Forum

  • Hi Arvind:

    Philosophizing follows:

    IEEE 802.11 WLAN is designed to mimic IEEE 802.3 Ethernet. Software operating from the LLC layer and up is largely oblivious to what is happening below LLC. Also by design WLAN and Ethernet data-links readily bridge together into what appear to LLC and above as a single data-link or catenet. When used with TCP/IP each catenet is naturally a single IP subnet.

    Two Ethernet stations on a single Ethernet exchange frames directly and require only two MAC addresses. Two WLAN client stations on a single infrastructure WLAN exchange frames indirectly and require the MAC addresses of any intermediate access points. These addressed intermediate devices coordinate access to the shared RF medium, extend RF range between WLAN client stations, and provide a portal to other media. Each client station fixates on its one access point and exchanges frames with it alone, regardless of the ultimate MAC destination for a frame payload.

    The WLAN designers gave us the following options for indirection within a single WLAN.

    1. Independent BSS (IBSS). All client stations communicate directly in a mesh with no indirection. However a third MAC address is used in data frames to identify the IBSS to which the frame exchange belongs. These WLANs are relatively rare.

    2. Single access point (BSS). All client stations communicate indirectly by way of their one access point and require three MAC addresses to exchange data.
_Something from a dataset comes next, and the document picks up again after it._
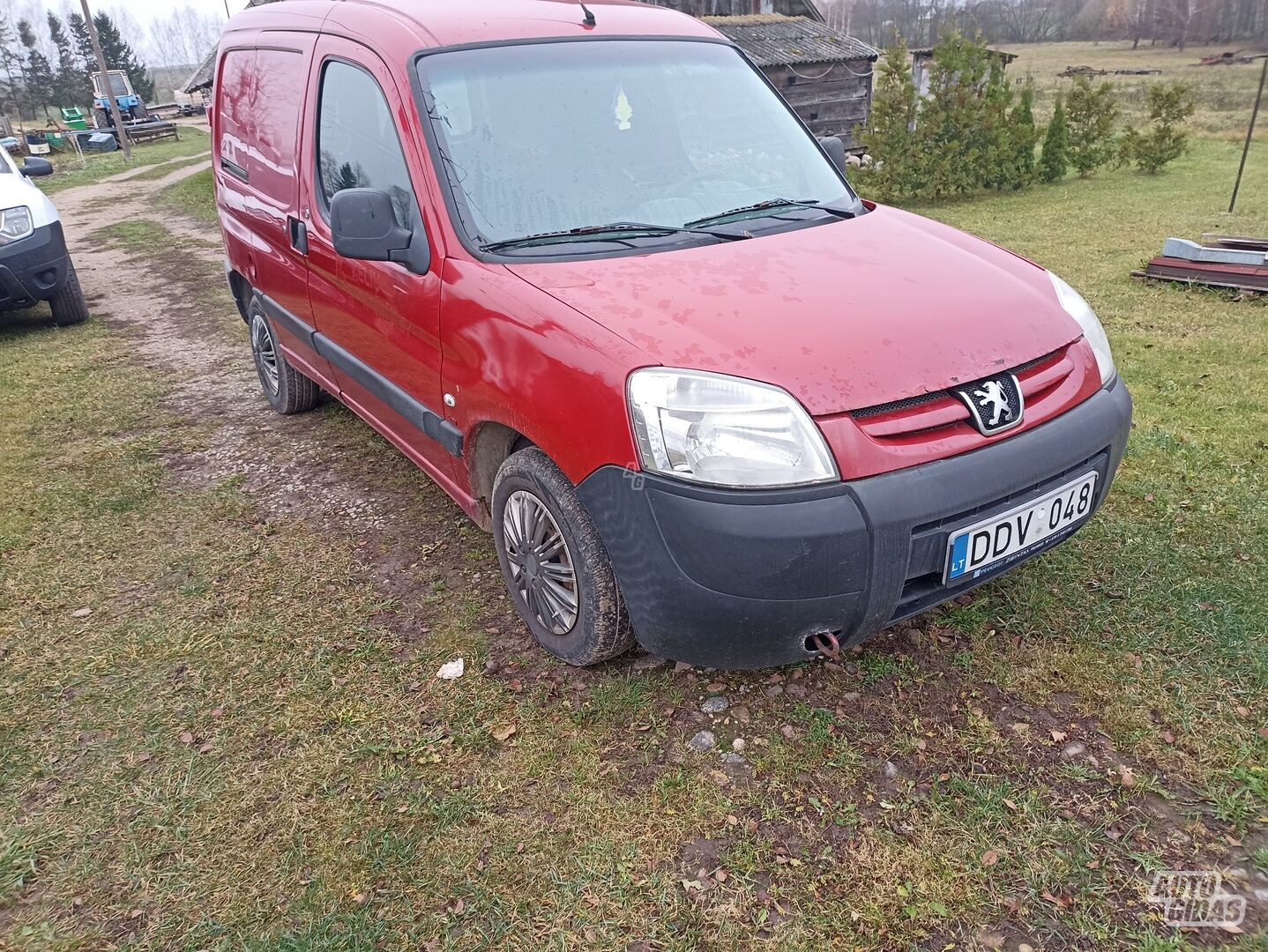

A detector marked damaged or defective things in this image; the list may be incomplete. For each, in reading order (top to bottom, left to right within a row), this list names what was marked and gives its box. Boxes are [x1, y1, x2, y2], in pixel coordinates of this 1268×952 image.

red hood with paint damage [510, 206, 1085, 415]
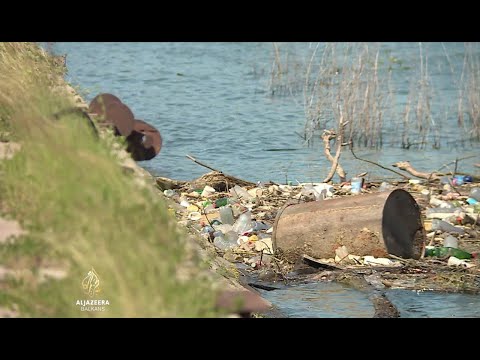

Most WLANs use this paradigm.

    3. Multiple access points that use the same RF medium to relay as their client stations use (ESS). All client stations communicate indirectly as above, but the access points implement a frame payload relay between themselves. This is the relatively inefficient Wireless Distribution System (WDS) that famously requires four MAC addresses to relay data between access points. These WLANs are relatively rare.

    Multiple access points may use some other medium than the one used by their clients to relay their clients' frame payloads between themselves. While the standard does not require this other medium to be a bridged Ethernet, this is what the designers had in mind and is what the vendors have built. Regardless of how many WLANs and Ethernets are bridged together, LLC software on all attached stations operate as though they were on a single IEEE data-link. IEEE 802.11 defines multiple bridged WLANs to be a single ESS as well.

    A typical WLAN client is configured with the IP address of its default gateway which by definition must be on the same IP subnet as the client. ARP brings back a MAC address for the default gateway. The WLAN client does not care a whit whether that MAC address is on its own WLAN data-link segment or on another data-link segment, wired or wireless, of a larger catenet. If WLAN clients were required to use an IP address of their associated access points as their default gateways, such as with home "wireless NAT routers", IP addressing in a corporate WLAN would be unmanageable and roaming between access points would be virtually impossible.

    I hope this helps. Thanks. /criss

  • By (Deleted User)

    Thanks responding to these post Criss, you are Simply Phenominal! I am nowhere near where I desire to be and look for these comments just to understand the flow of communications at that level of details. Your contributions have help me in more ways that just certification. It helps me logically see the standards and approach them from the angle of the IEEE.


    V/r

  • Hi Criss,

    Thanks a lot for the informative post. Like the earlier guy said, you indeed are a phenomenal resource!